**Work instructions:**
Please print the listing that follows word for word, but skip any pictures it holds.

**Information shown:**
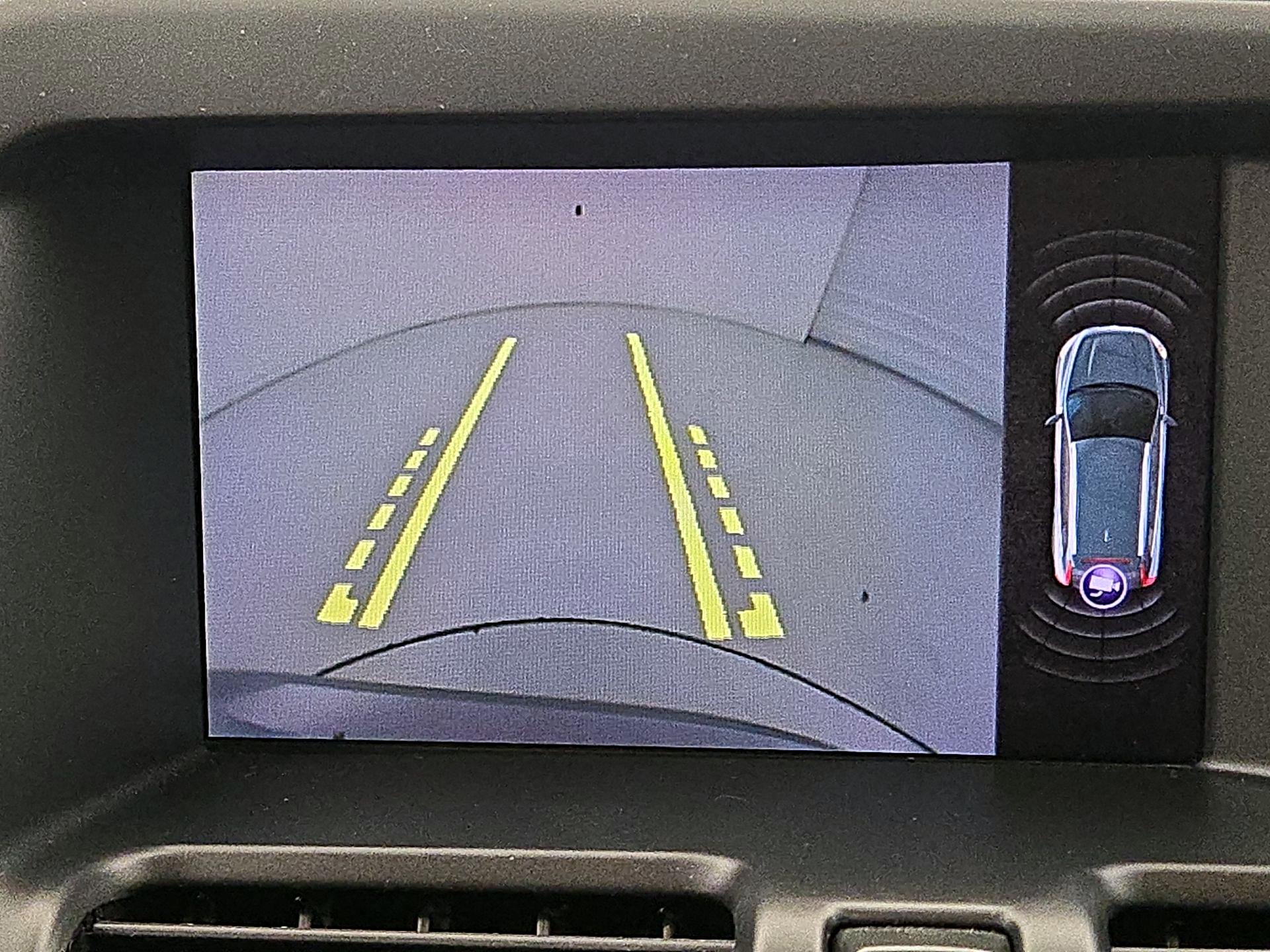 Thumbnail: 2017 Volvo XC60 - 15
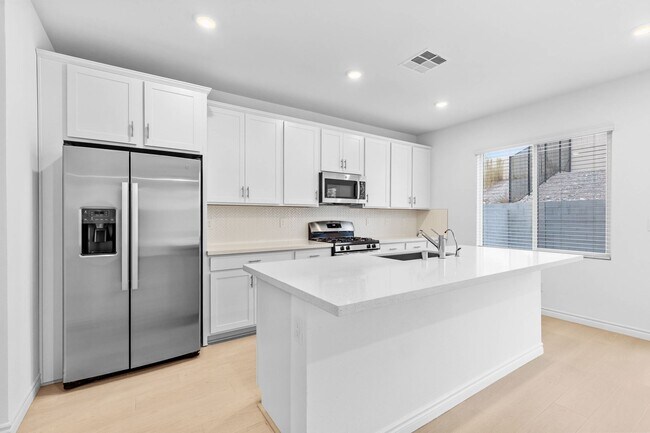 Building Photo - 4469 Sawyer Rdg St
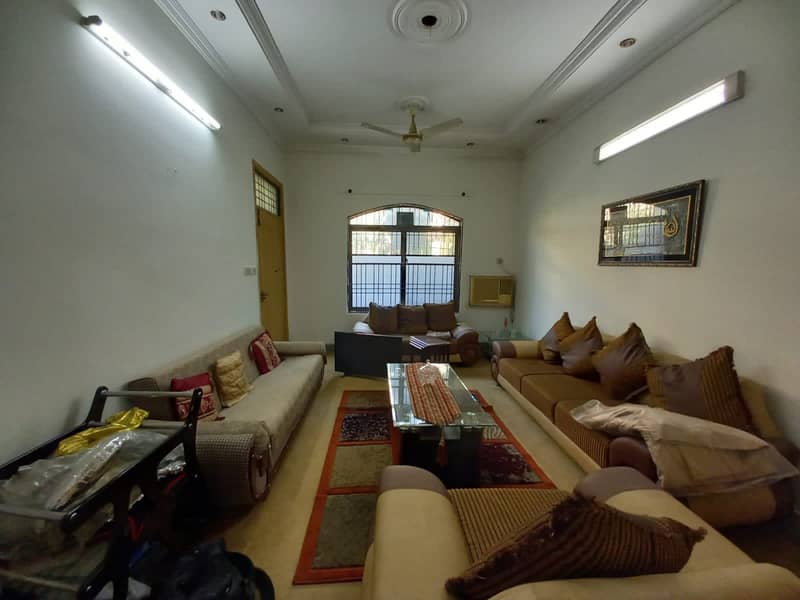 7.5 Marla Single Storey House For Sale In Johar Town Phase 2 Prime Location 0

**Written reply:**
 Thumbnail: 2017 Volvo XC60 - 15
 Building Photo - 4469 Sawyer Rdg St
 7.5 Marla Single Storey House For Sale In Johar Town Phase 2 Prime Location 0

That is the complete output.